In this experiment, compression of the umbilical cord was considered equivalent to compression caused by uterine contractions during premature labor. Recent attention has been focused on periventricular leukomalacia (PVL) in low birth-weight neonates as a cause of cerebral palsy. In cases of PVL, variable transient bradycardia (due to umbilical cord compression, and thus representing an umbilical factor) reportedly appears at high frequency in antepartum fetuses or during delivery (32). However, variable transient bradycardia during delivery is often observed in routine clinical practice, and is thus very unlikely to immediately induce organ disorder. Any such damage would presumably depend on factors such as the degree and duration of cord occlusion. Furthermore, cerebral neuropathy frequently develops in cases of premature birth, and this is attributed to structural prematurity of the fetal cerebral blood vessels, that is, the presence of a low-perfusion area in the periventricular region due to immature development of the ventriculopetal and ventriculofugal blood vessels, or to immaturity of autoregulation in the cerebral blood vessels (33).

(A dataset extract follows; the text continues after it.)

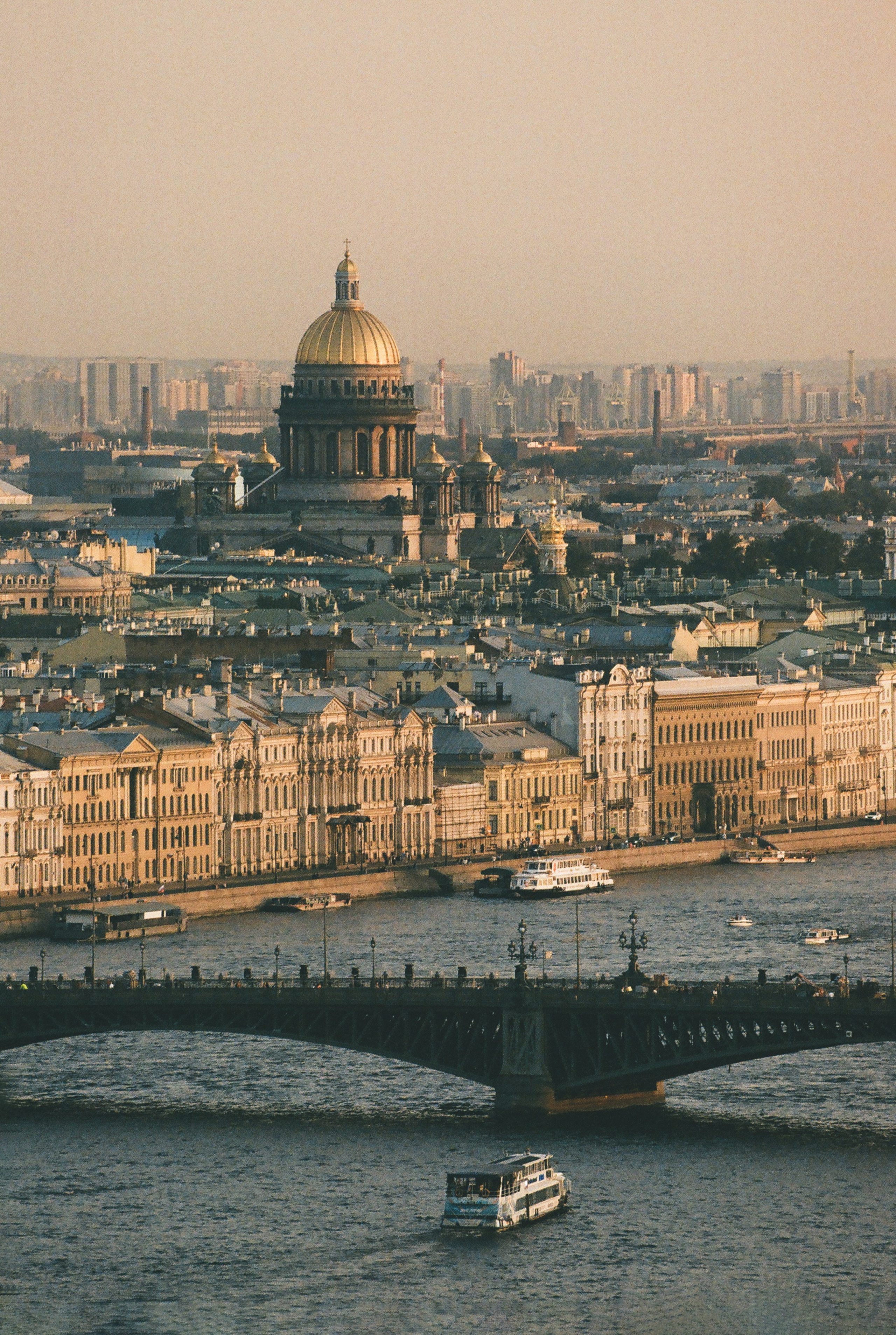 Фотографии цветные. Свадебный и семейный пленочный фотограф в Петербурге Истомина Ирина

Although morphologic differences exist between the placenta in humans and sheep, the present results demonstrated good transfer of MCI-186 from mother to fetus and adequate inhibition of hydroxyl radical production in the fetal brain. However, pathologic evaluation of fetal brains and a check of dosage, administration time and adverse effects to mother and fetus for MCI-186 must be performed, these results suggest the possibility of intrauterine management to reduce fetal brain damage caused by hydroxyl radicals synthesized by umbilical cord compression during delivery.